A group of parishioners from St Columba’s, Knock, Diocese of Down and Dromore, travelled to the northern reaches of Connor Diocese on July 1 for a parish pilgrimage to Rathlin Island.
Knock parishioner Ian Noad has provided this report of a wonderful day out, which included worship in St Thomas’ Parish Church, Rathlin.
Leaving behind a glorious blue sky in Belfast on Sunday 1st July, that would surely have lured even Van Gogh into his back garden with paintbrush and easel, a posse of some 60 parishioners from St Columba’s, young and old, plus Canon Ken’s two dogs, set sail from Ballycastle on the 10am ferry across a millpond north channel.
The itinerary had been painstakingly reconnoitred by our Organist and Choral Director, Dr Joe McKee, and Yvonne, already ensconced on the island for the weekend with Alastair and Ruth McCartney in most comfortable accommodation overlooking Church Bay.
The visit was a repeat of that undertaken by St Columba’s in August 2013, a truly trans diocesan affair between Connor and Down and Dromore, with the aim of renewing support and friendship with the parishioners of Rathlin by joining them in a service of Holy Communion in their own historic parish church of St Thomas.
Disembarking at the harbour, a large number of parishioners headed straight for the delightful coffee shop, The Watershed, where they were served coffee and delicious scones by an industrious and most willing staff in record time, before proceedings were due to commence at 11.30am.
St Thomas’ was packed to capacity, with standing room only! The service was conducted with aplomb by our Rector, Canon John Auchmuty, to whom grateful thanks must be expressed for the faultless organisation of the whole day, ably assisted by Canon Ken Smyth and Epistle reader, Andrew Ellis.
In his sermon, the Rector focused on the importance of responding to the needs of the individual in both word and deeds, whilst Dr Joe Mckee, on the digital piano, accompanied by several members of St Columba’s choir, lead the music and singing of the combined congregations in rousing style, metaphorically raising the very rafters of the roof with wonderfully appropriate hymns such as Summer Suns Are Glowing and the maritime Will Your Anchor Hold?
The spirit of communion and fellowship experienced by everyone present was matched by the warmth of welcome and friendship afforded, once again, to the happy visitors by the resident parishioners. The service concluded in a most practical manner, with Canon Ken drawing on his unrivalled local knowledge to proffer helpful tips about the many places of interest to visit on the island.

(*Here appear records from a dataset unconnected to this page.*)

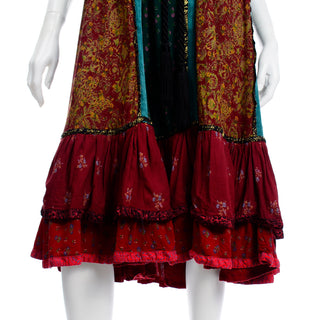 1980s Vintage Russian Multi Pattern Strapless Dress or Maxi Skirt unique piece
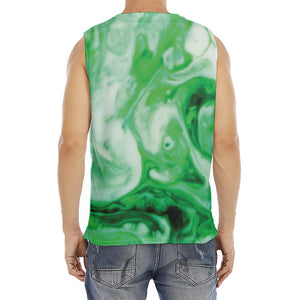 Green Acid Melt Print Men's Fitness Tank Top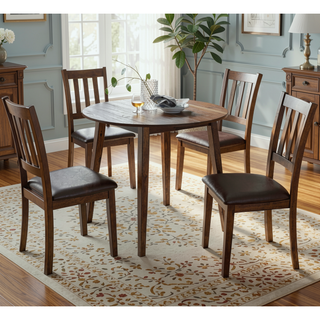 Sunvega Transitional Dark Brown Walnut Wood Round Dining Table With 4 Curved Ladder-back Chairs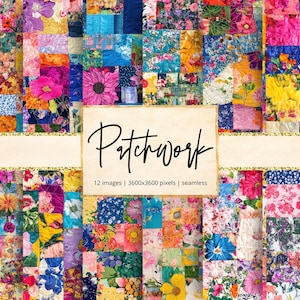 May include: A vibrant patchwork design featuring a collage of floral patterns in various colors. The image includes the word "Patchwork" in a handwritten font, along with details about the images. The design is seamless and suitable for various creative projects.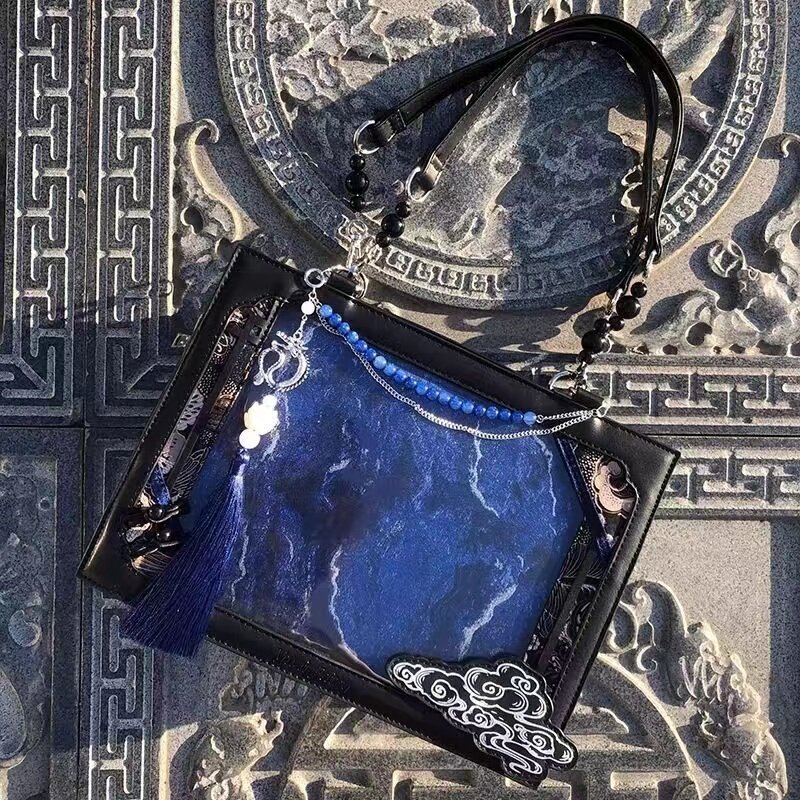 Bolso de hombro Vintage Punk Harajuku para mujer, bolsos de mano transparentes con cadena Ins, bolso de axila con borla estética japonesa Y2k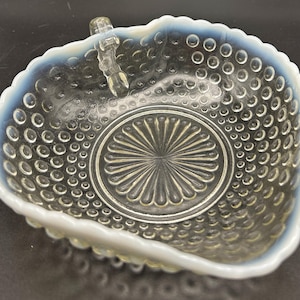 Moonstone Opalescent Hobnail Heart Nappy  Bowl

After what had been an early start to the day for many – and none earlier than the Rector and Caroline, who had duly delivered son Henry to the city airport at 5am! – lunch time soon beckoned, with parishioners producing a magnificent array of picnic offerings for consumption whilst enjoying the view across the bay, and others opting to take the island bus to the recently opened RSPB Seabird Centre for their relaxing repast.
Thereafter, parishioners fanned out to invade the island in earnest – though mercifully with considerably less murderous and shocking intent than that of earlier raiders during the turbulent 16th and 17th centuries – visiting the East, West and Rue lighthouses as well as the interesting Heritage Centre, spotting the many species of birds and seals, or just strolling along the winding roads and relaxing on the sea front.
Regretfully, the famous cave where Robert the Bruce allegedly gained inspiration by the untiring efforts of an indomitable spider could only be accessed by sea.
The afternoon provided a unique opportunity for parishioners and their families to ‘do their own thing’ on the island, whilst enjoying each other’s company with much laughter and merriment along the way.
The unusual summer heat was tempered by a delightfully cool onshore breeze, perfect for walking and strolling, or just sitting and relaxing, and the island was looking at its very best, simply beautiful, in every possible direction.
In what seemed like no time at all, the 5.30pm ferry appeared and parishioners enjoyed another smooth and highly sociable crossing back to Ballycastle, where many decided to conclude the outing by sampling the famous local fish and chips. Others driving home by car who happened to tune into Radio Ulster were serenaded by the Ballylone Concert Flute Band on the programme Strike Up the Band, presented by none other than our very own Dr Joe McKee!
A perfect end to a perfect day, blessed by superb weather and thoroughly enjoyed by all from St Columba’s who participated in an abundance of friendship, joy and fellowship, whilst offering a real sense of support and purposeful outreach to the parishioners of St Thomas’ on Rathlin Island.
It cannot be too long before we are back again.